The basics of treating actions as experiments are simple. We short-hand it as “aim-act-reflect-repeat.” It’s an endless, self-motivating feedback loop in which each step in the cycle references the one before it and suggests the next. So, for example, as we take aim (again), we reference the lessons learned in reflecting on previous actions to clarify the aim itself, which suggests new actions necessary to achieve that aim, which inspires a natural curiosity to take those actions to see what happens.

This is actually easier to do in practice than it is to describe in theory. The reflection process is simply a matter of comparing what we expected would happen with what actually happened in order to refine our expectations and actions moving forward. In other words, the major learning comes from responding to what doesn’t work more than what does (though there’s still valuable information in what works consistently). It’s the gap between expectations and experiences that presents the best areas for learning. In S3.0, we define the gap between expectation and experience — between how things are and how they could / should be — as a “tension.” The gap that causes the tension draws our attention to the richest potential learning.

In the case of the Lifeboat Project, the core persistent tension is the gap between known, validated, patently obvious information about the urgency, severity, and risk of the climate crisis and the complete and utter lack of meaningful action on the part of the social institutions that are purportedly responsible for ensuring our well-being — government, “the market,” media, etc. Our expectation is that these social institutions are there for our protection, but the empirical reality is that the decision-making class are doing everything in their power to prevent solutions from happening while simultaneously working actively to make things worse (for us).

How do we shift our expectations, then, to come closer to match our experience and what are the implications when we do?

Social Transformation

All societies are, in effect, a sort of mass delusion. Society is a set of stories about “how the world works” that often allow amazing things to happen. But sometimes these delusions just don’t work — or rather, they work really well at some things, but cause more problems than they solve overall. They get weighed down by a debt of bad decisions. Healthy societies are malleable and adaptive. They contain feedback loops that allow their stories to transform as their environment shifts. They know the map is not the territory, recognize the negative consequences of choices and adapt accordingly.

Unfortunately, it seems that most (probably all) societies reach a point where they lose their adaptability. They become old, brittle, and fragile. When that happens, the society must re-invent itself to survive, but before that can happen, it must first fall apart.

Of course, societies ultimately exist inside the head — the belief system — of the members of that society. So when societies transform, it only occurs through a fractal process of individual transformation, which feels very much like an existential crisis — because that’s exactly what it is.

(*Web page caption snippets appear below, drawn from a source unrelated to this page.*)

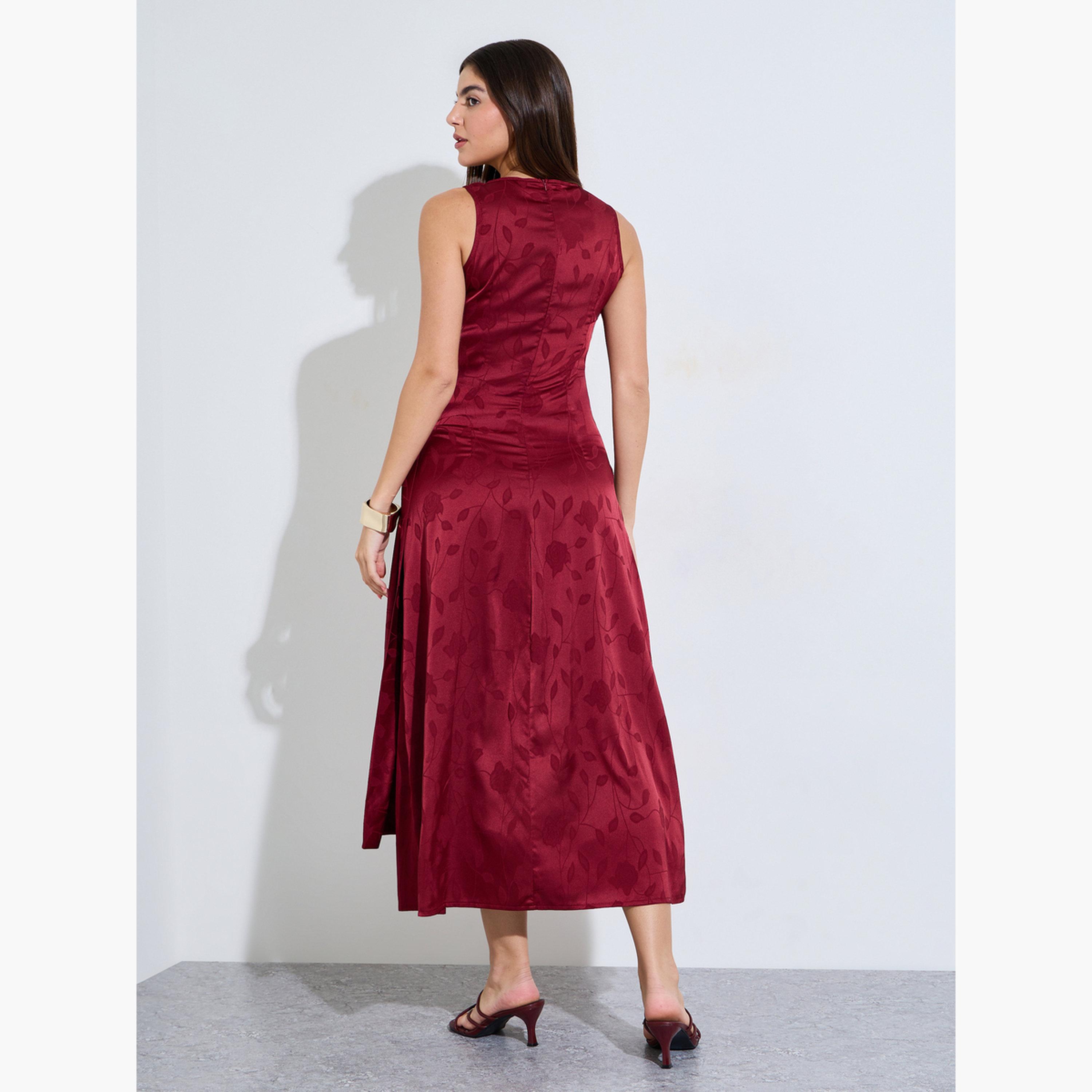 ستايلي - فستان ميدي بلون بورغندي مزين بشراشيب جاكار-women-clothing-dresses-image-4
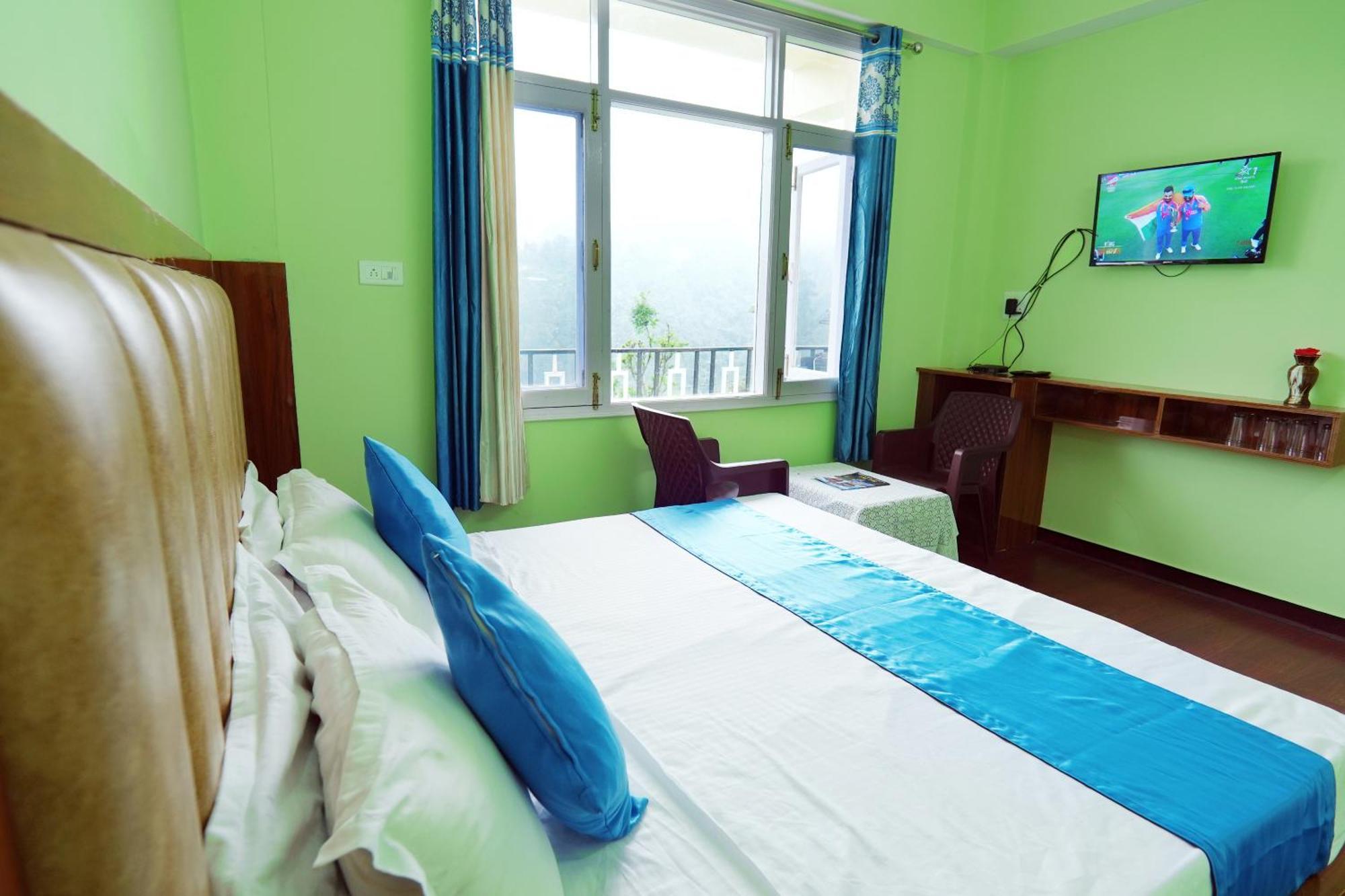 Shimla Hills Apartments 2Bhk Exteriör bild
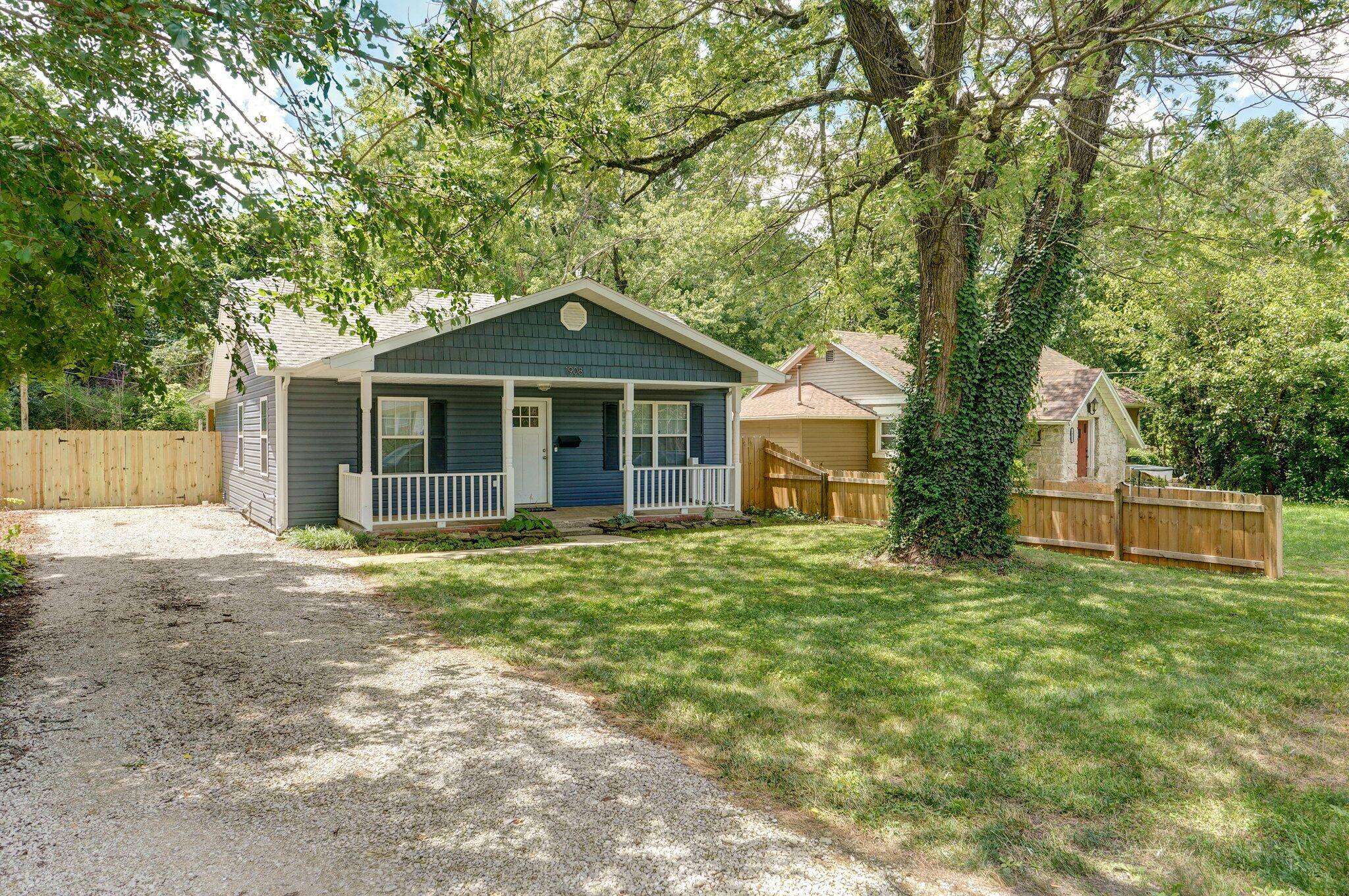 Springfield, MO 65802,1908 E Monroe TER
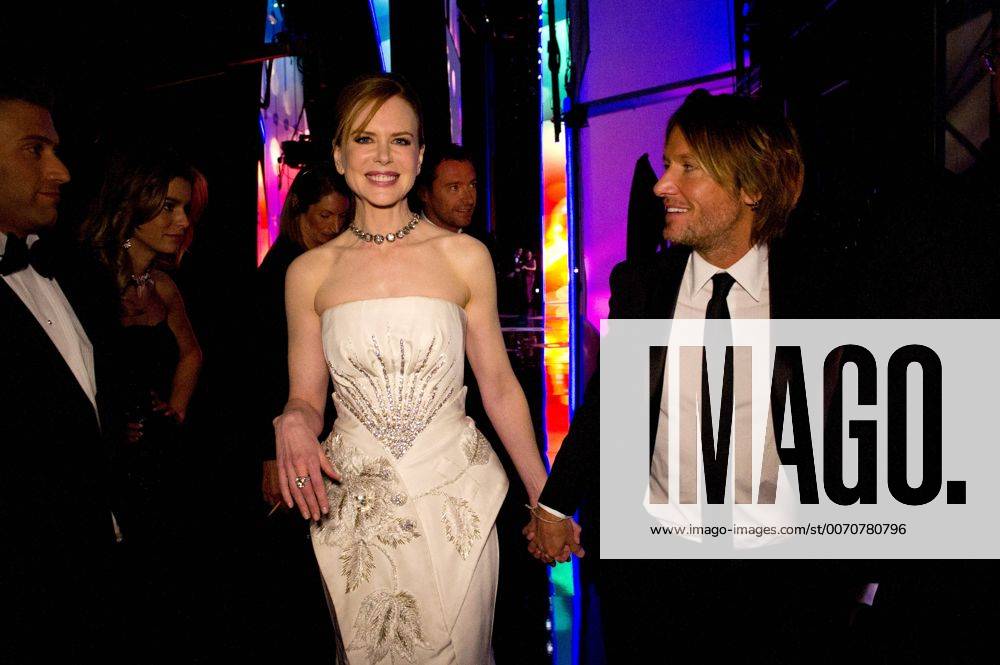 Feb. 27, 2011 - Hollywood, California, U.S. - NICOLE KIDMAN, Oscar nominee for Performance by an Actress in a Leading Role, and husband KEITH URBAN walk backstage during the live ABC Television Network broadcast of the 83rd Annual Academy Awards from the Kodak Theatre. - ZUMAz03_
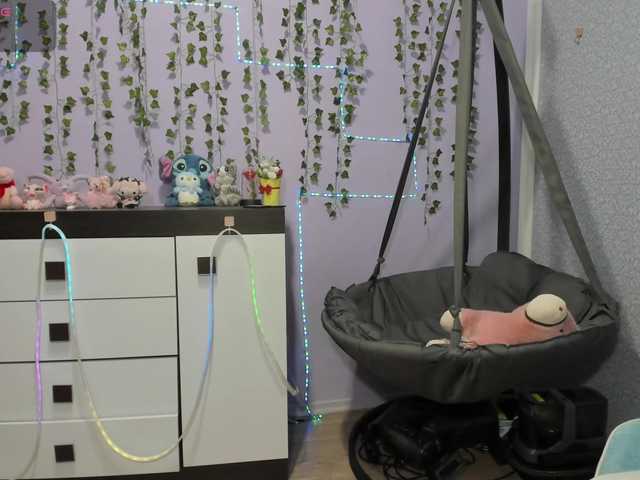 Mikka-Mi live cam on BongaCams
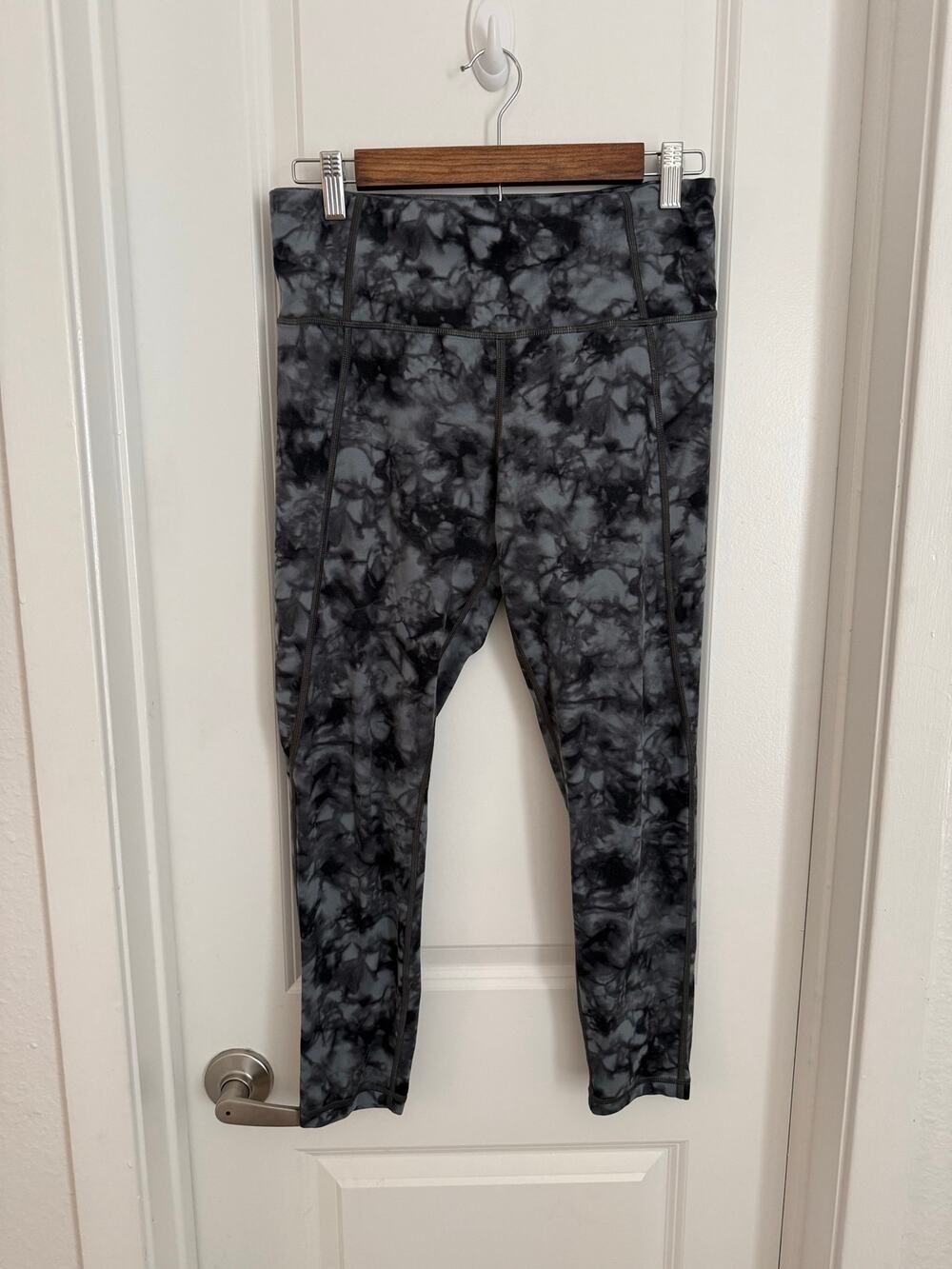 Athleta Salutation Tie Dye Leggings Size Medium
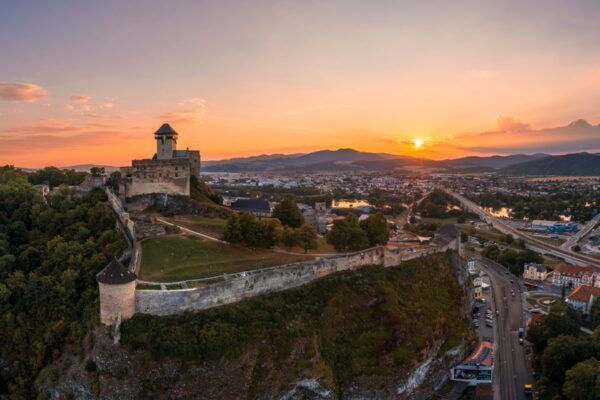 Na Slovensko za kultúrou & históriou. Objavte tieto štyri hrady neďaleko Kálnice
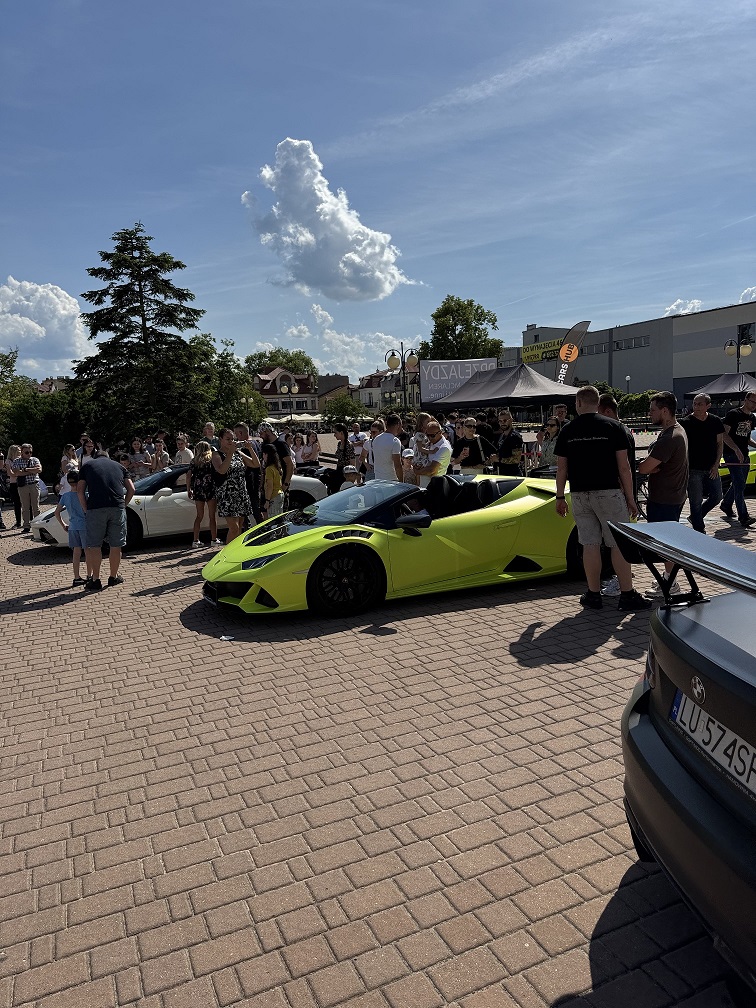 auto na placu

So, that’s where the “Lifeboat” idea comes from: a recognition that we need transformation at the person/place/community level. Transforming the world and our communities from an extractive, top-down, capitalist framework to one that is relational, reciprocal and materially-focused starts with our individual transformations, actions and relationship-building in the face of climate crisis and social breakdown. It starts with the individual choice to do things differently, and the more of us there are who make those choices together, the greater impact we have.

How do we re-focus our efforts to care for our spirits by growing deep happiness and resilient mental health; our place — the physical/material health of our local environment; and our hearts through meaningful relationships? We realized that none of these things were possible by trying to do it alone, therefore the health of our relationships and the community are crucial. The Lifeboat Project is all about finding ways to make it easier for people to reach out and connect with the people who are already in their world, to start talking about what’s really real. What really matters, when it comes right down to it?

Because we are coming right down to it.

The Apocaloptimists’ Tales #4: A message from Cassandra

I am the closest thing to a prophet you’re going to get and believe me no one here is excited by the prospects.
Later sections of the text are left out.